My 29th Challenge is to read the complete list of the 40 Books Every Woman Should Read. 

Being on holiday for five weeks has given me the time to read another three books from the list. Here is what I have recently read.

Runaway by Alice Munro

Alice Munro is a recipient of the Nobel Prize for Literature but, like so many of the authors on the list, I had never heard of her. She specialises in writing short stories and many of the stories flip back and forth in time. I don’t read a lot of short stories but it is nice to be able sit down and read a whole story in one sitting.

One of the stories, in particular, I thought was incredible. It was about a woman, who met a man after she had lost her purse. They have a spend a night together talking and getting to know each other. He asks that she comes to see him in a year’s time. She does this but when she goes to see him, he is incredibly rude to her and she feels that he has made a fool out of her. It is only years and years later, when she is working as a nurse, that she thinks he has been admitted to the ward where she was working. The man is not the man she met, but his twin, who has learning disabilities. This was the man who was rude to her and sent her away the second time. The man she actually met had passed away a few years earlier. It was heartbreaking to hear that arriving at slightly the wrong time left her embarrassed and affected the rest of her life without her realising it. I guess this kind of things happens all the time in real life, which makes it even more sad.

Pride and Prejudice by Jane Austen

I don’t know how I have managed to make it to my age and to have not read this book. It was never an option for our GCSE set and so it was just back luck that I’ve managed to miss it. Of course, I have seen some of the many screen adaptations that have been made, especially the version with Colin Firth as Mr Darcy.

Even though I know what happens in the book, I was still completely surprised when Darcy announces his love for Elizabeth Bennett. When you know the thoughts of the characters, it’s a far more shocking revelation than watching in on TV.

Although the book was first published in 1813, there are quite a lot of issues and problems that we still have today. For example, people judge others and form opinions about them far too quickly. It’s then very difficult to be persuaded otherwise. I was thinking about a person recently, who when I first met them, I was convinced that I would never be able to get along with them and didn’t want to have that much to do with them. It’s only as time has moved on that I have changed my opinion of them and actually don’t might spending time with them at all. The last time I met them, it was no effort to see them for a few hours and get along well with one another.

Also, there is a lot of talk about marriage and Lizzy is worried that her family will not approve of her engagement to Mr Darcy.
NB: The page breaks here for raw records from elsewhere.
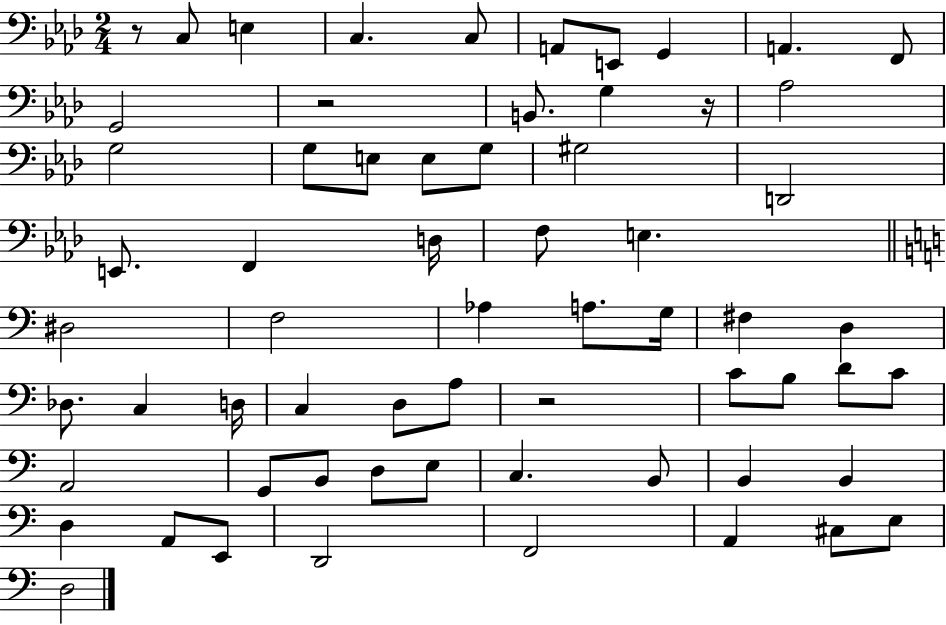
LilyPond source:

{
  \clef bass
  \numericTimeSignature
  \time 2/4
  \key aes \major
  r8 c8 e4 | c4. c8 | a,8 e,8 g,4 | a,4. f,8 | \break g,2 | r2 | b,8. g4 r16 | aes2 | \break g2 | g8 e8 e8 g8 | gis2 | d,2 | \break e,8. f,4 d16 | f8 e4. | \bar "||" \break \key c \major dis2 | f2 | aes4 a8. g16 | fis4 d4 | \break des8. c4 d16 | c4 d8 a8 | r2 | c'8 b8 d'8 c'8 | \break a,2 | g,8 b,8 d8 e8 | c4. b,8 | b,4 b,4 | \break d4 a,8 e,8 | d,2 | f,2 | a,4 cis8 e8 | \break d2 | \bar "|."
}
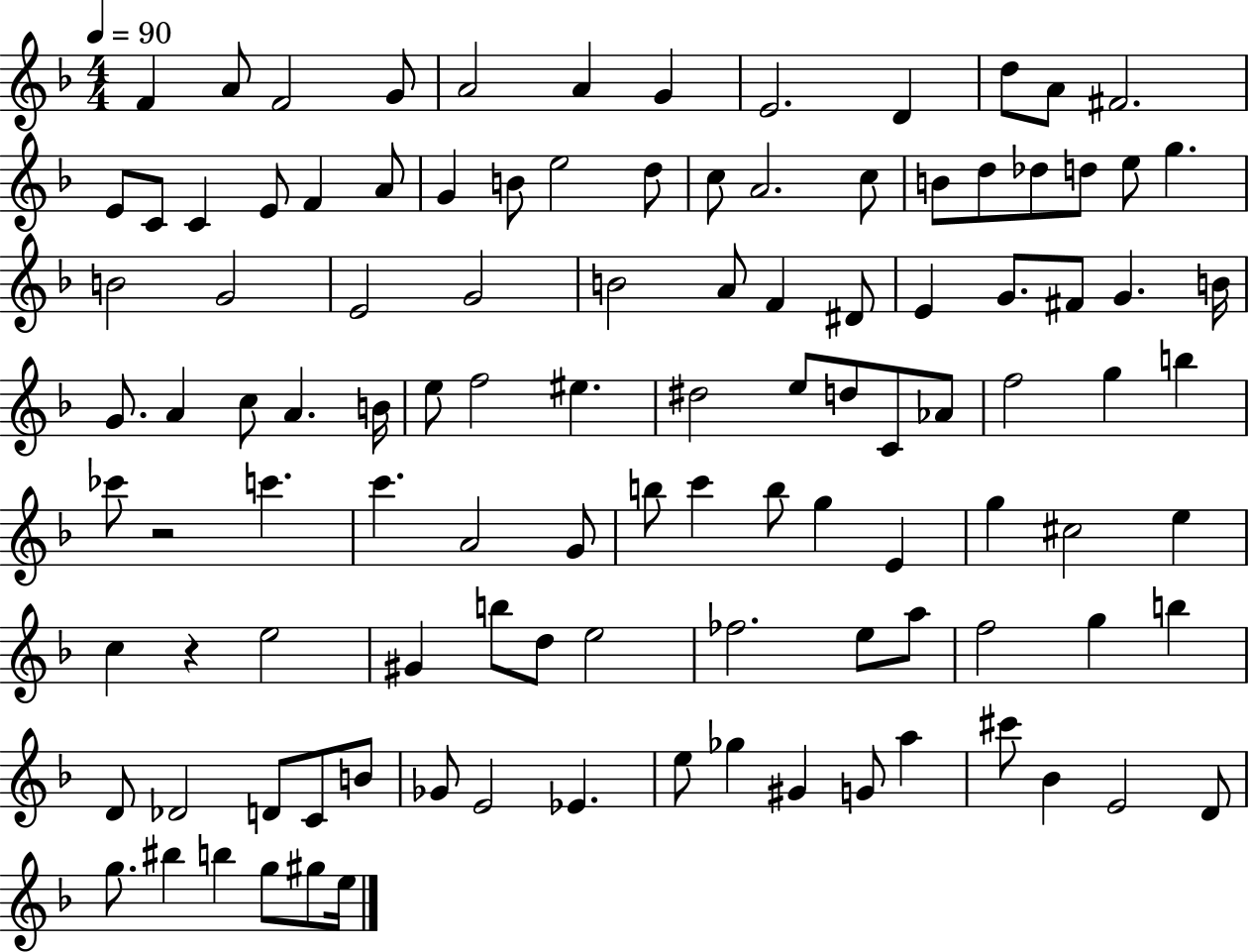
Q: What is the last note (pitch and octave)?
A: E5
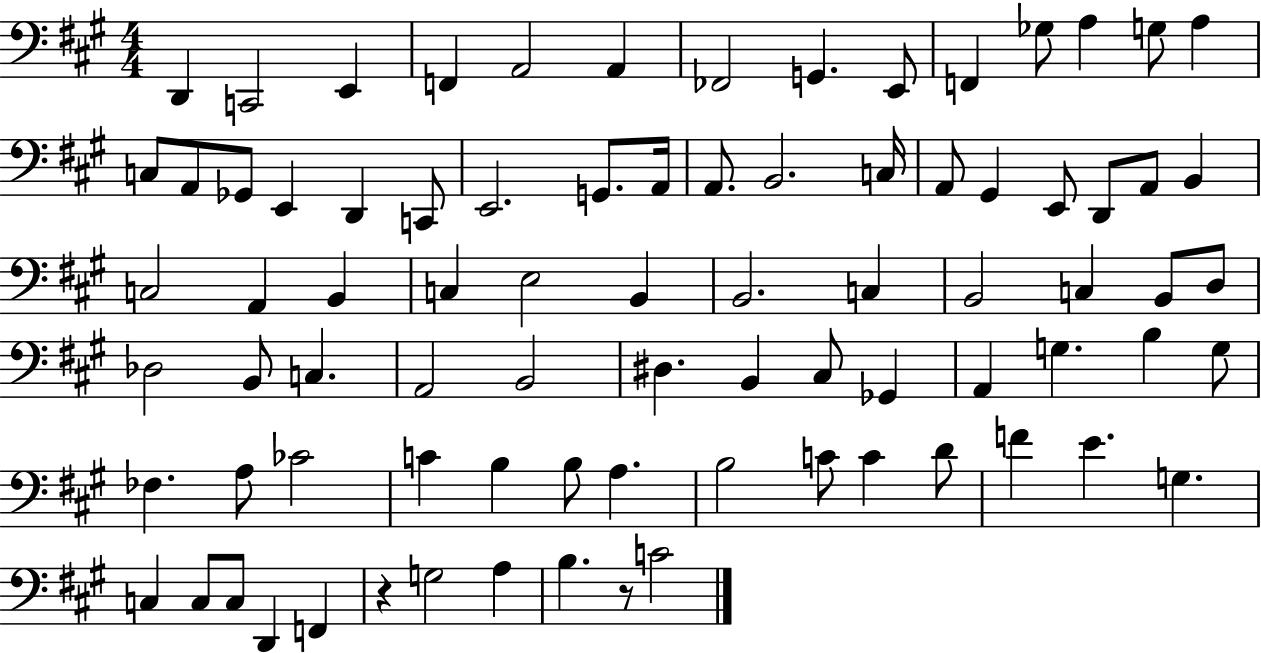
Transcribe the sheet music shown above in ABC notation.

X:1
T:Untitled
M:4/4
L:1/4
K:A
D,, C,,2 E,, F,, A,,2 A,, _F,,2 G,, E,,/2 F,, _G,/2 A, G,/2 A, C,/2 A,,/2 _G,,/2 E,, D,, C,,/2 E,,2 G,,/2 A,,/4 A,,/2 B,,2 C,/4 A,,/2 ^G,, E,,/2 D,,/2 A,,/2 B,, C,2 A,, B,, C, E,2 B,, B,,2 C, B,,2 C, B,,/2 D,/2 _D,2 B,,/2 C, A,,2 B,,2 ^D, B,, ^C,/2 _G,, A,, G, B, G,/2 _F, A,/2 _C2 C B, B,/2 A, B,2 C/2 C D/2 F E G, C, C,/2 C,/2 D,, F,, z G,2 A, B, z/2 C2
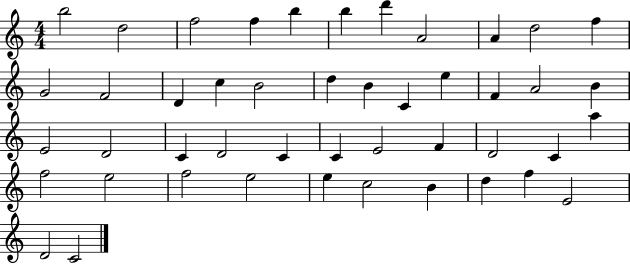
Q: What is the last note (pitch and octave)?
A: C4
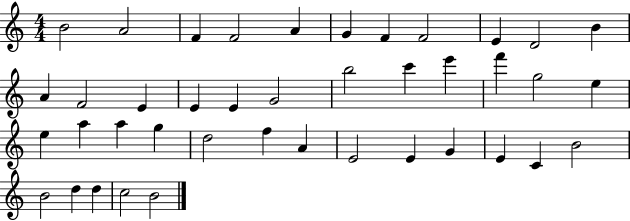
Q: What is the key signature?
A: C major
This, I am sure, still happens all the time. It doesn’t really matter how old you get or what walk of life you come from, everyone still want to have approval from the actions that they take – despite what some people might claim.

I wonder how much forcing schoolchildren to read classics at the age of 13 to 16-years-old actually puts people off reading these books for the rest of their life. If this book hasn’t been on the list, there is no way I would have read it. But I am glad I did.
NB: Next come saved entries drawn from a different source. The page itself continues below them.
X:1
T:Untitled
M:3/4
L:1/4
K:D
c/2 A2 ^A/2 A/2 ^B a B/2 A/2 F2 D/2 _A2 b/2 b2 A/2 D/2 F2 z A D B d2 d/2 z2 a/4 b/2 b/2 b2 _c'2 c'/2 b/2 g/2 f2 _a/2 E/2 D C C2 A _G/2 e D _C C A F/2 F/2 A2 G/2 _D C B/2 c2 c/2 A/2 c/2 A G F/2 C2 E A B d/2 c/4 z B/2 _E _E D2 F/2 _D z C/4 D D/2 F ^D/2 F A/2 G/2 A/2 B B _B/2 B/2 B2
The Lovely Bones by Alice Sebold

I have seen the film of the book and I was a bit nervous about reading it. In case you don’t know the book is about a young girl who has been murdered by a man in her local community. The story is told from her perspective as she looks down on earth from heaven and watches her family and friends come to terms with her death and what happened to her.

As is normally the case, the book is far better than the film and is beautiful written and thought-provoking.

I’m not sure if I liked this book so much because in a lot of respects it corresponds to what I think heaven would be like: that our loved ones never leave us but watch over us from afar.

If you haven’t read this book, I really think that you should. The subject matter seems morbid but the story itself is more about hope and the connections that we have with one another.

One Response to “40 Before 40: Challenge #29”

  1. Confuzzled Bev March 22, 2018 at 7:25 am #

    I haven’t seen the film of The Lovely Bones but I read the book years ago when it first came out. It’s really good but so sad – I sobbed through pretty much the whole thing.